The answer should consist of every record, reproduced exactly.

═══ Data ═══

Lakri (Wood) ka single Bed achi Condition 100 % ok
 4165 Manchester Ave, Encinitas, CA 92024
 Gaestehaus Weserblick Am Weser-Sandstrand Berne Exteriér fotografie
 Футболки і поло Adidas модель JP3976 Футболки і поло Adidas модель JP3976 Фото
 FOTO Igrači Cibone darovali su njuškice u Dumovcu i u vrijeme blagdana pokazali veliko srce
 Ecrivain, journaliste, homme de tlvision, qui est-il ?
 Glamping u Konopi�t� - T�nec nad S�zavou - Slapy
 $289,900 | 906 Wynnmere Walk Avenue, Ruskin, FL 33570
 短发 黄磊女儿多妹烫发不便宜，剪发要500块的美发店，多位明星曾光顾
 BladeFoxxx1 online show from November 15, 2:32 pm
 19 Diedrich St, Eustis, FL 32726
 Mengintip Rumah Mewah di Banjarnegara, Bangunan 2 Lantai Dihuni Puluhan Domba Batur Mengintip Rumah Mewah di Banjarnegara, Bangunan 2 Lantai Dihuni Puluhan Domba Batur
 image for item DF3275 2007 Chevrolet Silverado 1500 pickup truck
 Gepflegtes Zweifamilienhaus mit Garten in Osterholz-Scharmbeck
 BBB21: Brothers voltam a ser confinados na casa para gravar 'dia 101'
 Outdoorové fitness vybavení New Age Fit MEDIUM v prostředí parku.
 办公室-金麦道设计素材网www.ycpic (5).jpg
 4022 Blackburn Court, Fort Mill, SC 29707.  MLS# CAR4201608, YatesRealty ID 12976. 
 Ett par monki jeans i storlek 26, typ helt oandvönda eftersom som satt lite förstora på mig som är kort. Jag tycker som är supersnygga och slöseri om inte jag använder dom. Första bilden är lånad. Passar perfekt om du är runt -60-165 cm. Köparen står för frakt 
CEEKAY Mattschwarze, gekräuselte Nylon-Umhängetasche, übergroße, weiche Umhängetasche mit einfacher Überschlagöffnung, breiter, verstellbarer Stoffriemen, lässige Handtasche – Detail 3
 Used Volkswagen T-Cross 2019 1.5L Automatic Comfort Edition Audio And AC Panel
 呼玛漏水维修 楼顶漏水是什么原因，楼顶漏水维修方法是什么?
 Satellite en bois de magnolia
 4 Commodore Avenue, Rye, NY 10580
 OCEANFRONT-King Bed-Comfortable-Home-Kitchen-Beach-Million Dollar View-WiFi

═══

#### [Result of the exercise]
Lakri (Wood) ka single Bed achi Condition 100 % ok
 4165 Manchester Ave, Encinitas, CA 92024
 Gaestehaus Weserblick Am Weser-Sandstrand Berne Exteriér fotografie
 Футболки і поло Adidas модель JP3976 Футболки і поло Adidas модель JP3976 Фото
 FOTO Igrači Cibone darovali su njuškice u Dumovcu i u vrijeme blagdana pokazali veliko srce
 Ecrivain, journaliste, homme de tlvision, qui est-il ?
 Glamping u Konopi�t� - T�nec nad S�zavou - Slapy
 $289,900 | 906 Wynnmere Walk Avenue, Ruskin, FL 33570
 短发 黄磊女儿多妹烫发不便宜，剪发要500块的美发店，多位明星曾光顾
 BladeFoxxx1 online show from November 15, 2:32 pm
 19 Diedrich St, Eustis, FL 32726
 Mengintip Rumah Mewah di Banjarnegara, Bangunan 2 Lantai Dihuni Puluhan Domba Batur Mengintip Rumah Mewah di Banjarnegara, Bangunan 2 Lantai Dihuni Puluhan Domba Batur
 image for item DF3275 2007 Chevrolet Silverado 1500 pickup truck
 Gepflegtes Zweifamilienhaus mit Garten in Osterholz-Scharmbeck
 BBB21: Brothers voltam a ser confinados na casa para gravar 'dia 101'
 Outdoorové fitness vybavení New Age Fit MEDIUM v prostředí parku.
 办公室-金麦道设计素材网www.ycpic (5).jpg
 4022 Blackburn Court, Fort Mill, SC 29707.  MLS# CAR4201608, YatesRealty ID 12976. 
 Ett par monki jeans i storlek 26, typ helt oandvönda eftersom som satt lite förstora på mig som är kort. Jag tycker som är supersnygga och slöseri om inte jag använder dom. Första bilden är lånad. Passar perfekt om du är runt -60-165 cm. Köparen står för frakt 
CEEKAY Mattschwarze, gekräuselte Nylon-Umhängetasche, übergroße, weiche Umhängetasche mit einfacher Überschlagöffnung, breiter, verstellbarer Stoffriemen, lässige Handtasche – Detail 3
 Used Volkswagen T-Cross 2019 1.5L Automatic Comfort Edition Audio And AC Panel
 呼玛漏水维修 楼顶漏水是什么原因，楼顶漏水维修方法是什么?
 Satellite en bois de magnolia
 4 Commodore Avenue, Rye, NY 10580
 OCEANFRONT-King Bed-Comfortable-Home-Kitchen-Beach-Million Dollar View-WiFi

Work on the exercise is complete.